C'est ainsi qu'Amos tient à faire savoir qu'il n'a rien de commun
avec le prophétisme courant. Au prêtre de Béthel qui, le croyant
semblable aux autres, lui dit: «Va-t'en, fuis en Juda, là tu gagneras
ton pain et tu prophétiseras», il répond fièrement: «Je ne suis ni
prophète, ni fils de prophète» (Am 7:14). Ses successeurs,
lorsqu'ils fulminent contre le peuple infidèle égaré par ses rois et
leurs conseillers, disent tout uniment: «les prophètes d'Israël» ou
«vos prophètes» (Jésus dira: «faux prophètes», Mt 7:13, cf.
Jer 28:15 29:31 et surtout Eze 13), désignant ainsi les
confréries de nebiim qui s'arrogeaient le droit de parler au nom de
Jéhovah et s'improvisaient indûment ses mandataires, exploiteurs de
la crédulité,



Qui annoncent le bonheur

Quand leur dent a de quoi mordre,

Et déclarent la guerre

Quand on ne leur met rien dans la bouche.

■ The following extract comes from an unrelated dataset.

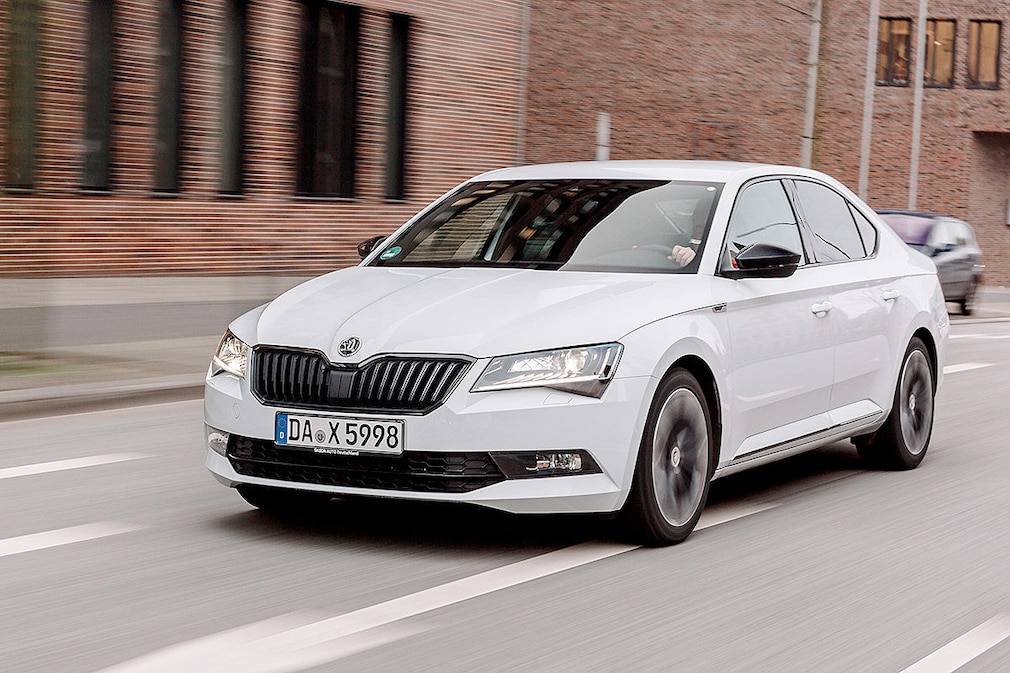 Skoda Superb 2.0 TSI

(Mic 3:6,3:11,Esa 3:2 9:14 28:7 Jer 26:7-10 23:9-40 Eze 13:1,16 etc.)

Quand on lit les prédications des hommes de l'Esprit qui ont été
les fondateurs et les animateurs de la religion de Jéhovah en Israël,
on a l'impression très nette que le prophétisme jéhovique s'est peu à
peu développé, non seulement en réaction contre les prêtres et les
rois, mais aussi contre l'ensemble des inspirés qui portaient de leur
temps, en Israël et ailleurs, le nom de prophètes.